Collected material —
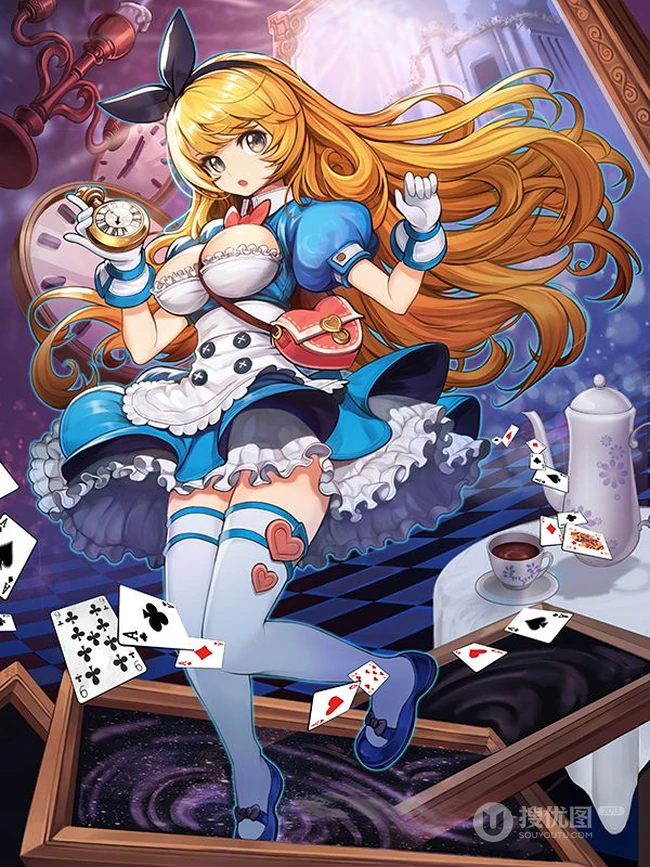 爱丽丝梦游仙境可爱少女人物萌图，好看的二次女生梦游仙境插画图集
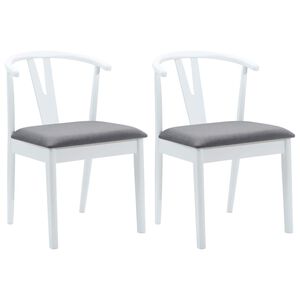 vidaXL Cadeira de jantar 2 pcs Branco e Cinza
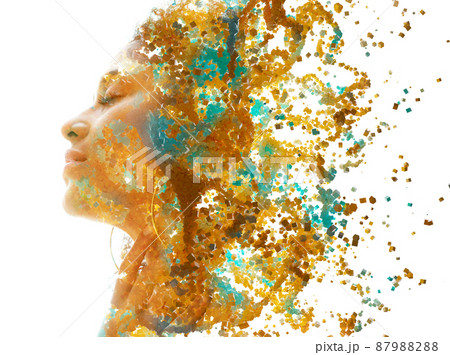 Procedurally generated graphics combined with a portrait of an attractive woman Procedurally generated graphics combined with a portrait of an attractive woman 87988288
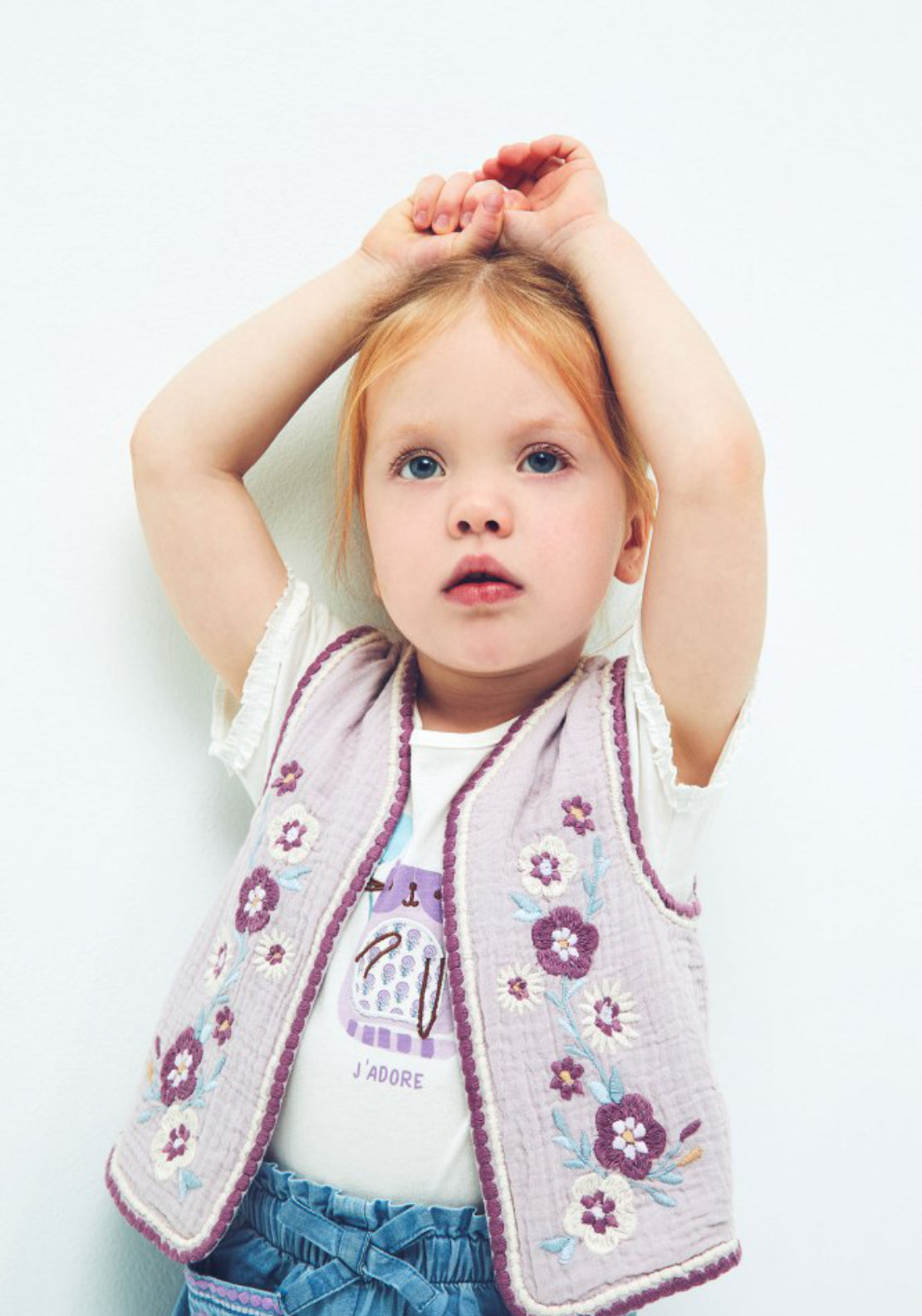 Sfera Embroidered Bambula Vest - Lavender 4 Shaws Department Stores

Action item —
Reproduce, exactly and with no pictures, the lines from the line containing "attractive woman 87988288" through the closing line of the data above, keeping both ends.

Answer for the task —
 Procedurally generated graphics combined with a portrait of an attractive woman Procedurally generated graphics combined with a portrait of an attractive woman 87988288
 Sfera Embroidered Bambula Vest - Lavender 4 Shaws Department Stores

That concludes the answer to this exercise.